- _RECORDS FOR PROCESSING_
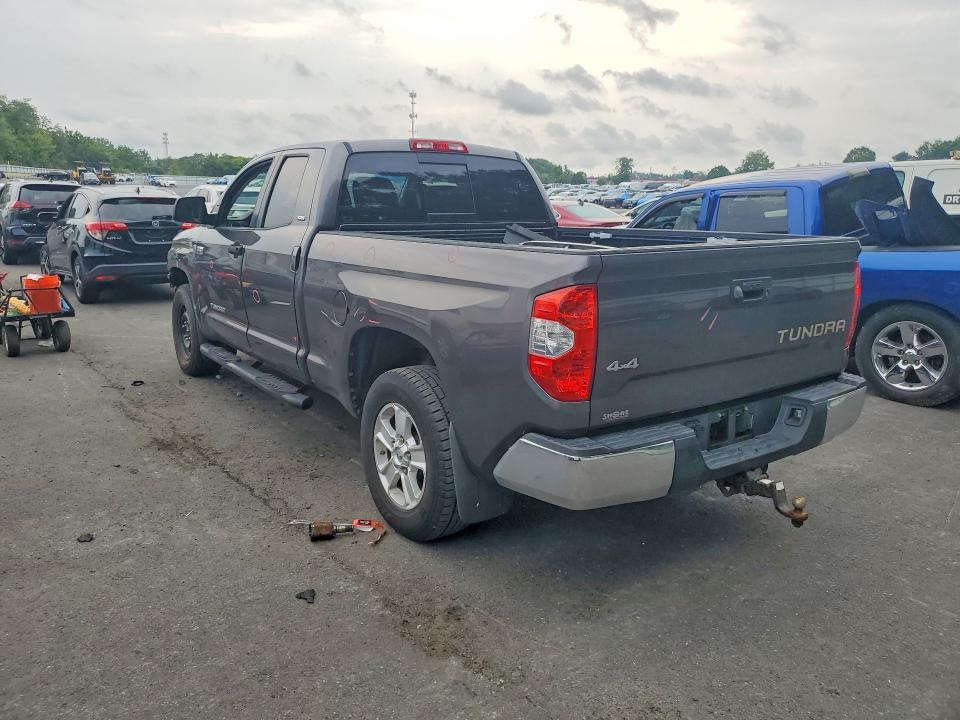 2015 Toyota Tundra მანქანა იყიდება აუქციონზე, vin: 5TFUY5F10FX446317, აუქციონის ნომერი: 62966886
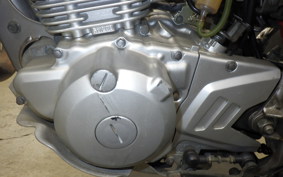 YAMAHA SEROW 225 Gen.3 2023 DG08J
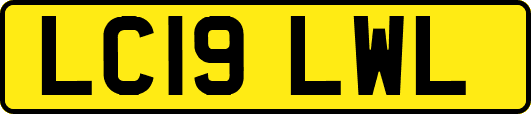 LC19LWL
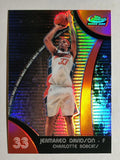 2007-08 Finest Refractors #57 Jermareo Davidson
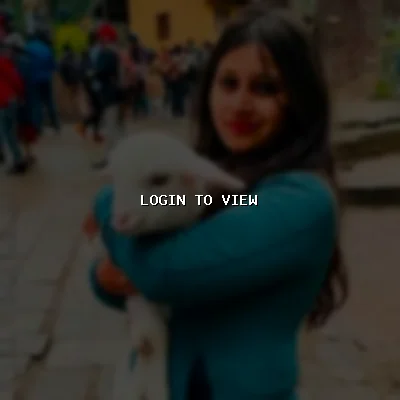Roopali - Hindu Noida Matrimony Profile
--
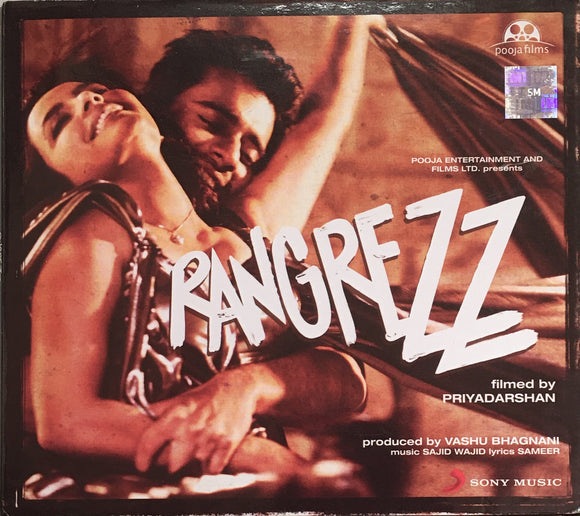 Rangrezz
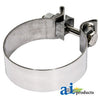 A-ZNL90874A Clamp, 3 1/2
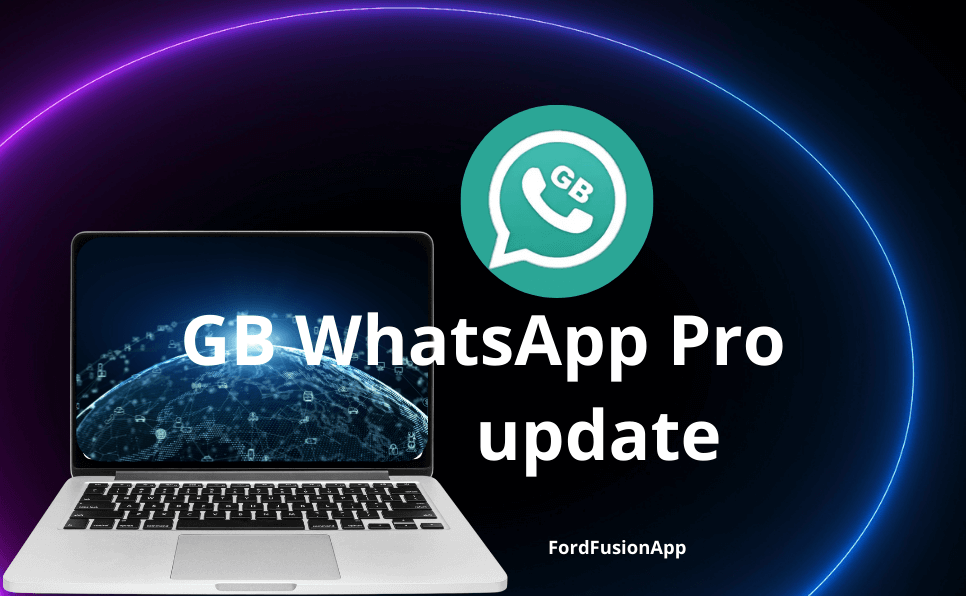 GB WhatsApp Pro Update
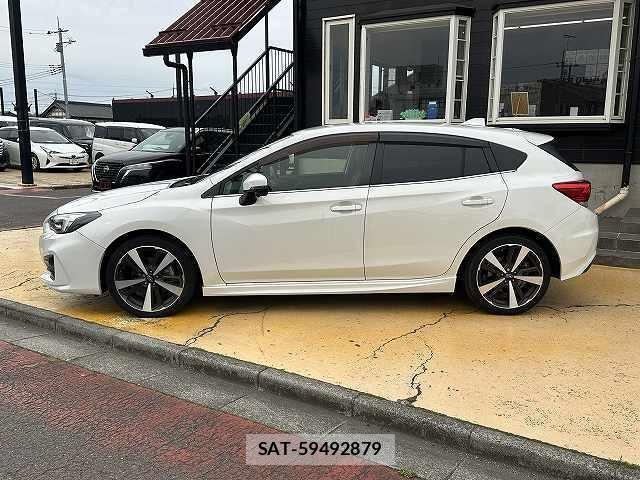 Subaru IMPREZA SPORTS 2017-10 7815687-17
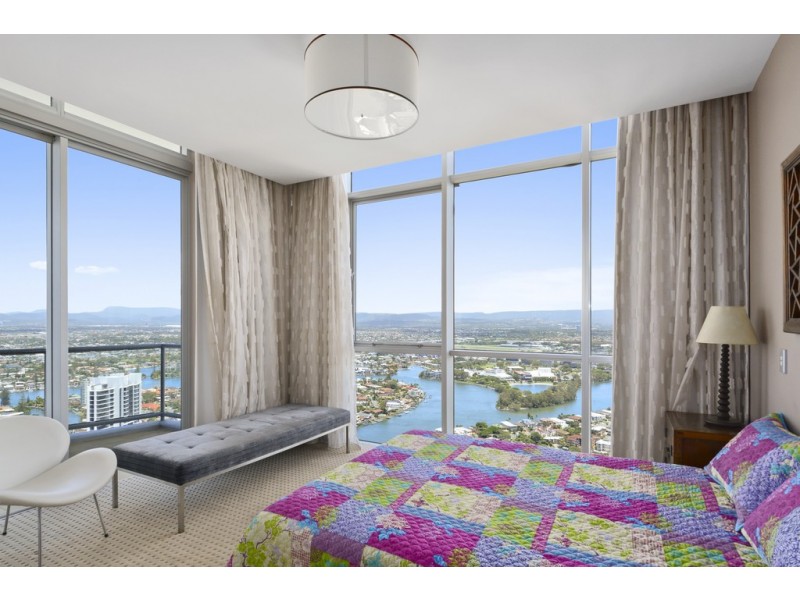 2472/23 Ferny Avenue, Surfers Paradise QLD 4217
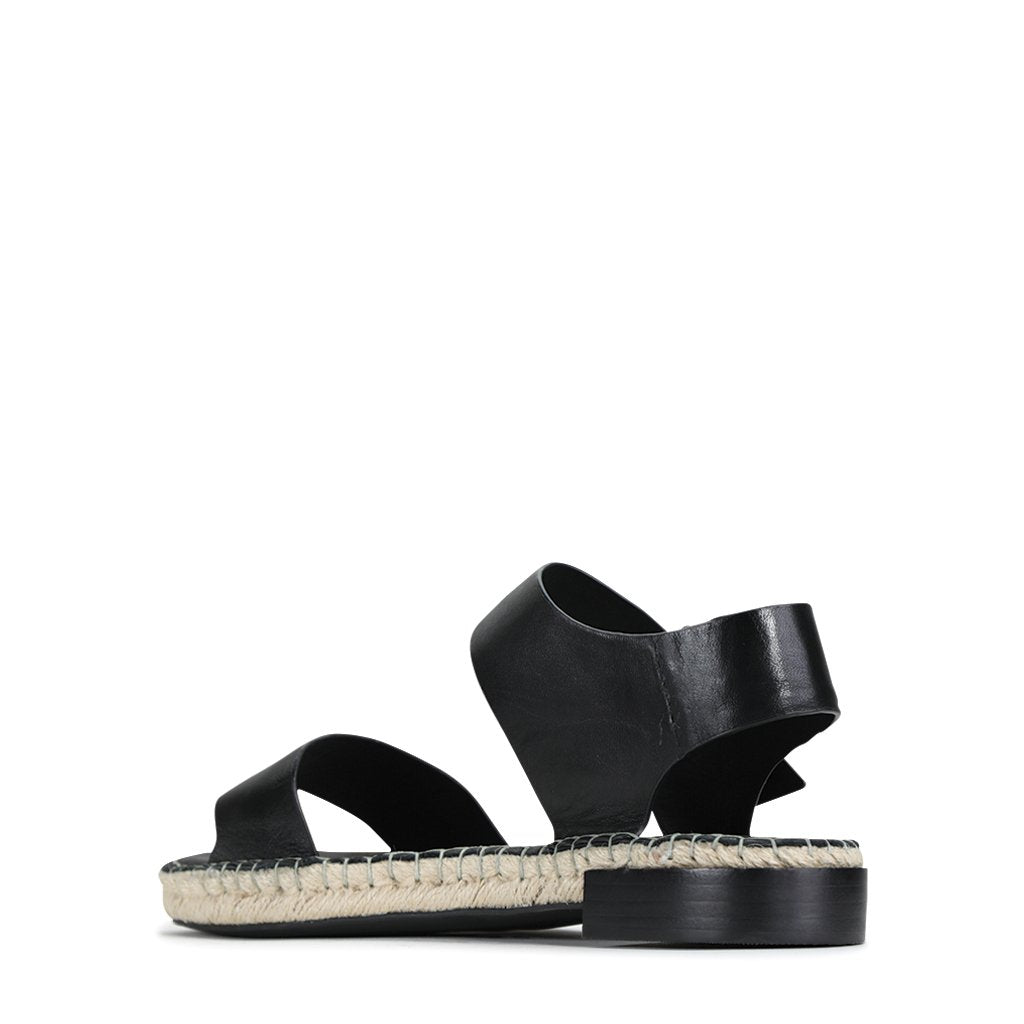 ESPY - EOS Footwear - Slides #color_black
* * *
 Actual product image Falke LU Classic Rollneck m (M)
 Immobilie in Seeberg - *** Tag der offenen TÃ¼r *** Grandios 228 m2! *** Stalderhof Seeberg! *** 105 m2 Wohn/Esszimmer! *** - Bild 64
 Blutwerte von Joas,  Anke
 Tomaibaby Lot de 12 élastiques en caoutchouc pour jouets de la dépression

- _EXERCISE DESCRIPTION_
Print, word for word, the lines above that run from the line containing "2007-08 Finest Refractors" to the line containing "Roopali - Hindu Noida Matrimony Profile", both included. Keep the pictures out.

- _YOUR SOLUTION_
 2007-08 Finest Refractors #57 Jermareo Davidson
Roopali - Hindu Noida Matrimony Profile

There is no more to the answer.